Scientists have often wondered why the seahorse, with its curvy neck and snout resembles a horse, to which it has no relationship, rather than its closest cousin, the straight bodied and rather ordinary looking - Pipefish. Now, a researcher believes he may have the answer and, as is the case in any kind of evolution - It's to do with survival.
To see if the animal uses its flexible neck to its advantage, a team of scientists led by Dr. Sam Van Wassenbergh, a biochemist at the University of Antwerp in Belgium, conducted a number of experiments to observe the hunting and feeding techniques of the seahorse and the pipefish.
They first performed some computer simulations to see if the seahorse's curved shape gave it an edge over its cousin, when it came to catching prey. The simulations showed that the shape and posture of the fish was definitely an asset.
To corroborate the theory, they recorded the feeding on high-speed video, which they played back in ultra slow motion.
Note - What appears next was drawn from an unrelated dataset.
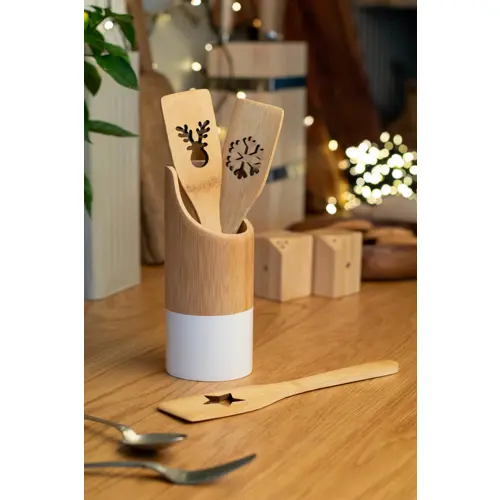Cucchiaio in bambù con intaglio natalizio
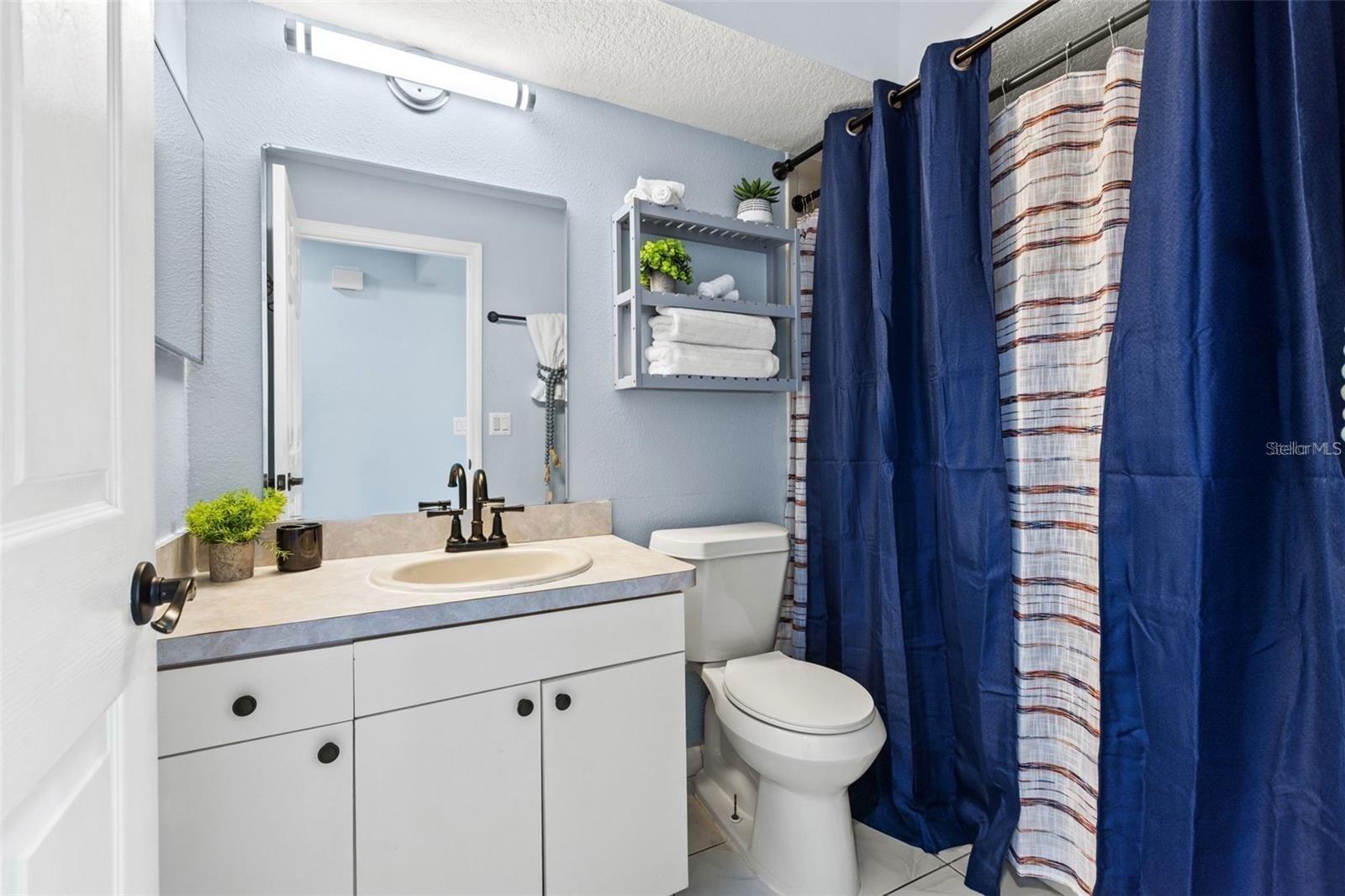 5102 N MACDILL AVE, TAMPA, FL, 33614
They noticed that while the pipefish had to swim all the way to their prey, seahorses would wait a little distance away. Then, using their curved neck like a coiled-up spring, they would thrust forward and capture the unsuspecting tiny shrimp and fish larvae as they swam by. According to the calculations of the researchers, the springy neck allows the seahorse to reach distances of 20% greater than its straight-bodied cousin - A huge advantage in the ocean where every millimeter helps.
Dr. Wassenbergh believes that the seahorse adapted this bend and snap technique to compensate for being a very slow and poor swimmer and, that its elastic neck is a result of thousands of years of stretching and retreating as it tried to grab the food swimming past it. Whatever the reason, we think seahorses, are amongst the coolest looking fish. Don't you agree?